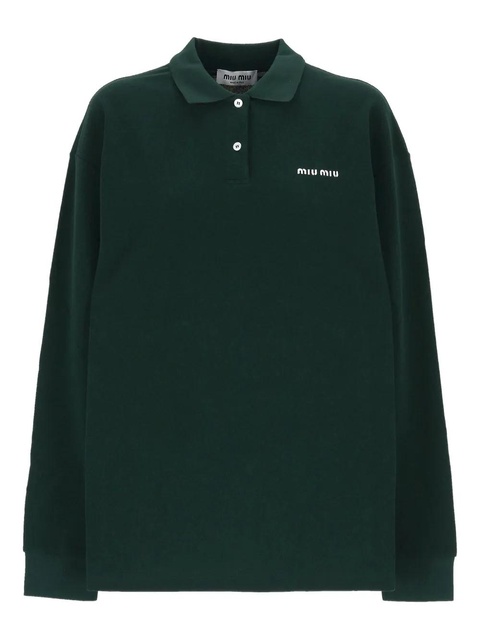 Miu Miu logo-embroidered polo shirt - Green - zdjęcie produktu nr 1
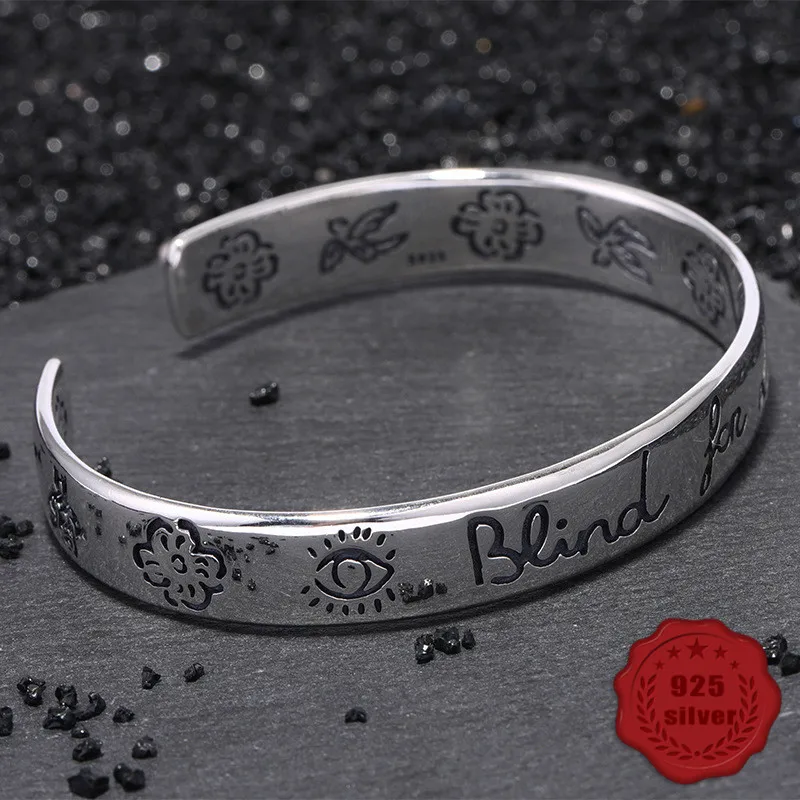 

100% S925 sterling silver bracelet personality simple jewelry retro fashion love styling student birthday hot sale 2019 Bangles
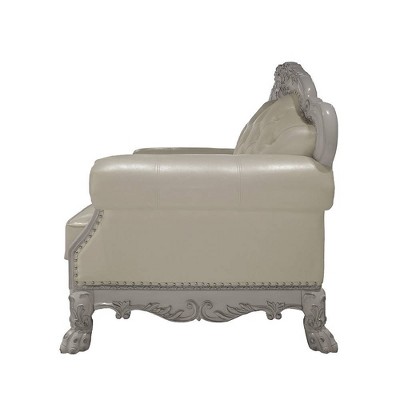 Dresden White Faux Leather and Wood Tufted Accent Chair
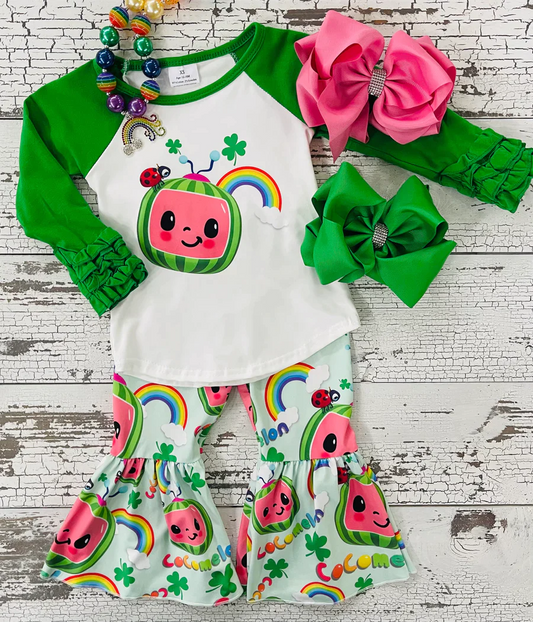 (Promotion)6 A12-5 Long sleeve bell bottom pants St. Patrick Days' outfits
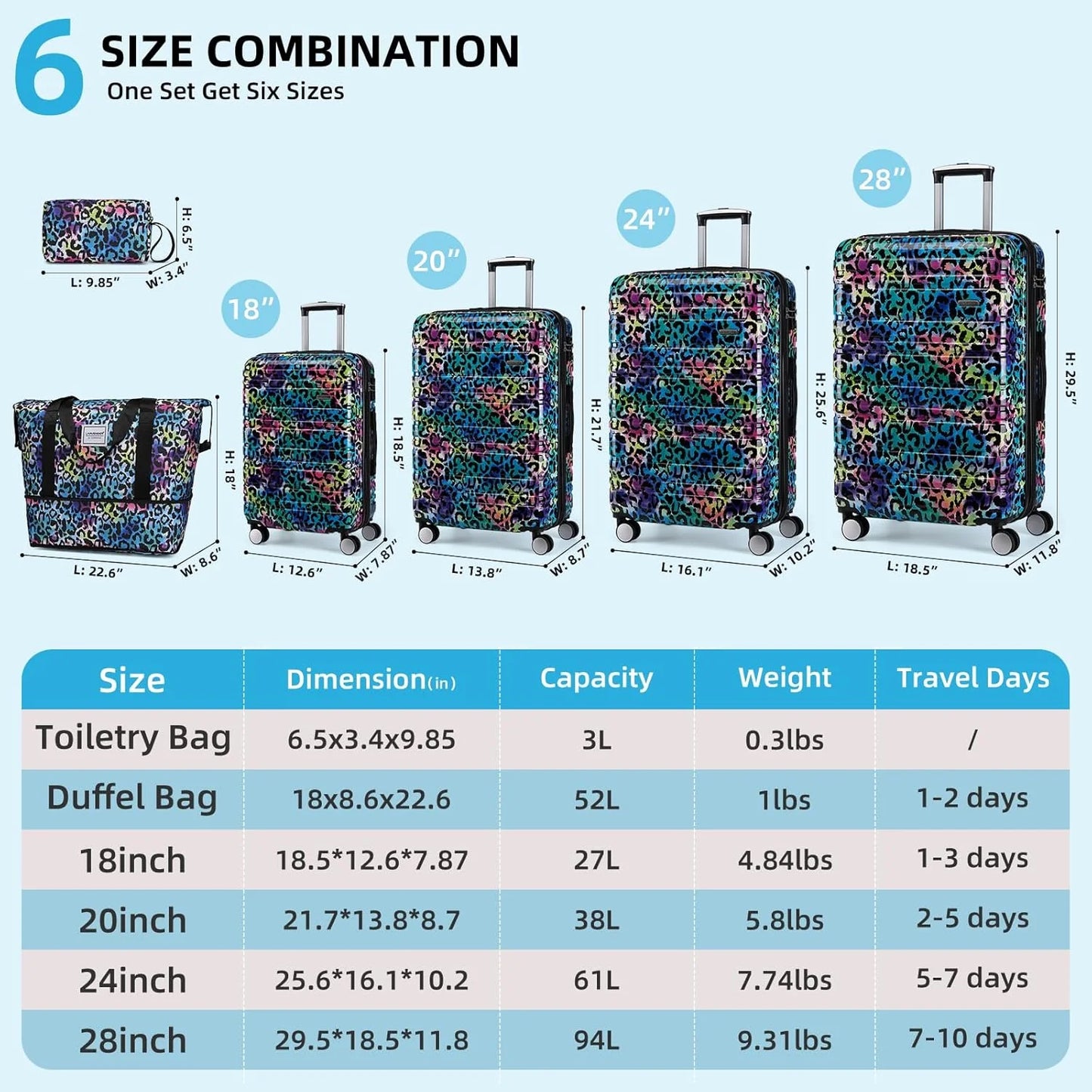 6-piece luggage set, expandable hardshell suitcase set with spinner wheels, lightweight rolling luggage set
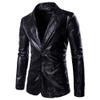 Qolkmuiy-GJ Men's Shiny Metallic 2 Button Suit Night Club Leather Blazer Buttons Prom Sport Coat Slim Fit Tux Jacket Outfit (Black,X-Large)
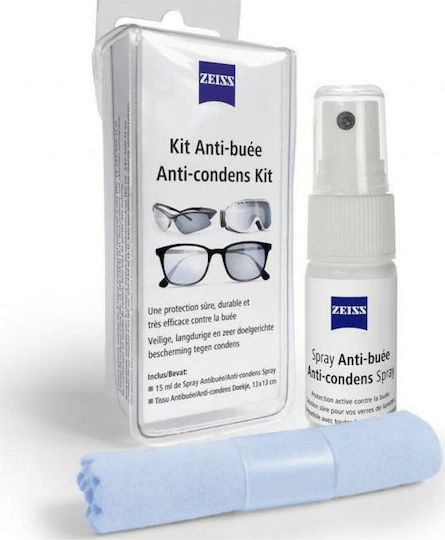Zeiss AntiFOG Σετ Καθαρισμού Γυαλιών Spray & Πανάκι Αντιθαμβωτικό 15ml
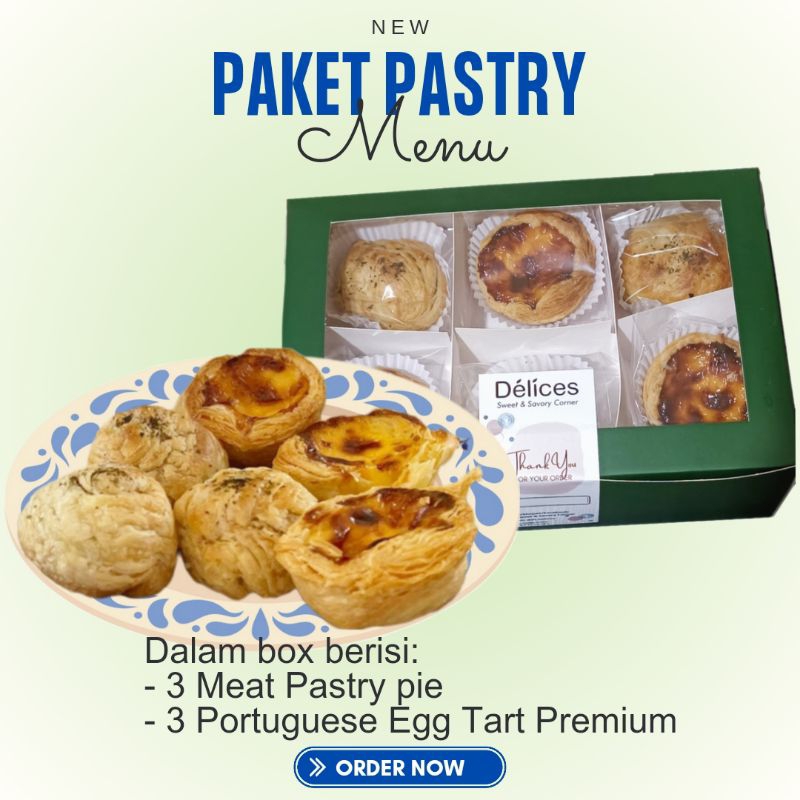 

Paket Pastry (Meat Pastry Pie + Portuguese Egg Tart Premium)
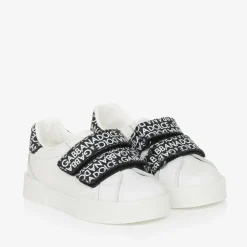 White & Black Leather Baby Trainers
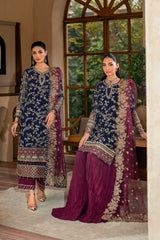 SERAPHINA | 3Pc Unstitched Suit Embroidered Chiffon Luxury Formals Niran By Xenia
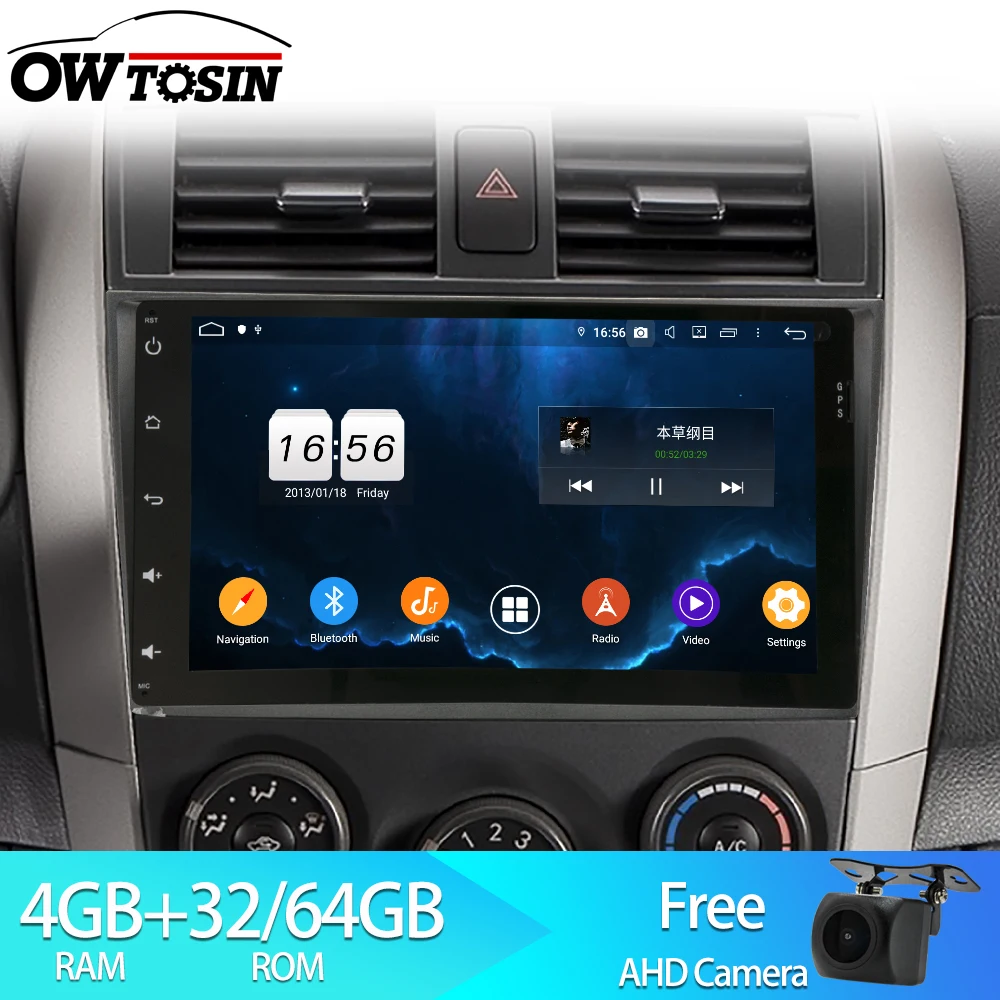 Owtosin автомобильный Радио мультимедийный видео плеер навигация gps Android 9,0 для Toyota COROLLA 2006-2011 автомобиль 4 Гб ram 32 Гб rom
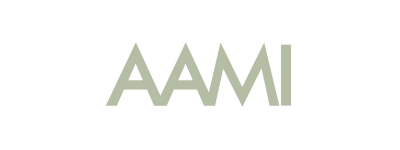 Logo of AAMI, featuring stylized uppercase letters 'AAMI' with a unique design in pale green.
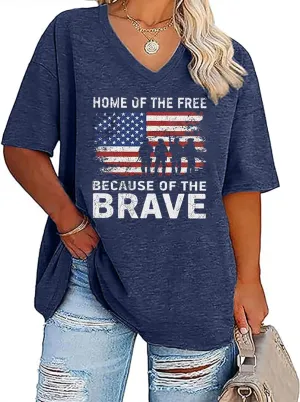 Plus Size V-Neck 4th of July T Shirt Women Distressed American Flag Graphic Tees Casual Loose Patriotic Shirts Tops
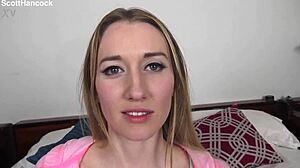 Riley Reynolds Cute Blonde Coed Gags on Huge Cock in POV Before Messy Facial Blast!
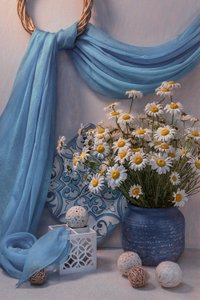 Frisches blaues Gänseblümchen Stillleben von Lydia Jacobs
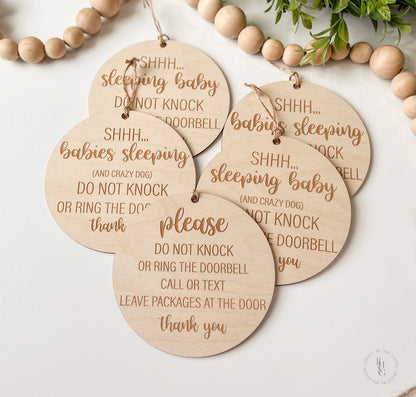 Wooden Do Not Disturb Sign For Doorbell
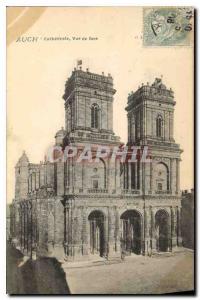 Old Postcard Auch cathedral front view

+++

WHAT TO WORK ON -> Could you transcribe all of the data exactly, keeping every picture out of the copy?

OUTPUT ->
 Miu Miu logo-embroidered polo shirt - Green - zdjęcie produktu nr 1

100% S925 sterling silver bracelet personality simple jewelry retro fashion love styling student birthday hot sale 2019 Bangles
 Dresden White Faux Leather and Wood Tufted Accent Chair
 (Promotion)6 A12-5 Long sleeve bell bottom pants St. Patrick Days' outfits
 6-piece luggage set, expandable hardshell suitcase set with spinner wheels, lightweight rolling luggage set
 Qolkmuiy-GJ Men's Shiny Metallic 2 Button Suit Night Club Leather Blazer Buttons Prom Sport Coat Slim Fit Tux Jacket Outfit (Black,X-Large)
Zeiss AntiFOG Σετ Καθαρισμού Γυαλιών Spray & Πανάκι Αντιθαμβωτικό 15ml

Paket Pastry (Meat Pastry Pie + Portuguese Egg Tart Premium)
 White & Black Leather Baby Trainers
 SERAPHINA | 3Pc Unstitched Suit Embroidered Chiffon Luxury Formals Niran By Xenia
 Owtosin автомобильный Радио мультимедийный видео плеер навигация gps Android 9,0 для Toyota COROLLA 2006-2011 автомобиль 4 Гб ram 32 Гб rom
 Logo of AAMI, featuring stylized uppercase letters 'AAMI' with a unique design in pale green.
 Plus Size V-Neck 4th of July T Shirt Women Distressed American Flag Graphic Tees Casual Loose Patriotic Shirts Tops
 Riley Reynolds Cute Blonde Coed Gags on Huge Cock in POV Before Messy Facial Blast!
 Frisches blaues Gänseblümchen Stillleben von Lydia Jacobs
 Wooden Do Not Disturb Sign For Doorbell
 Old Postcard Auch cathedral front view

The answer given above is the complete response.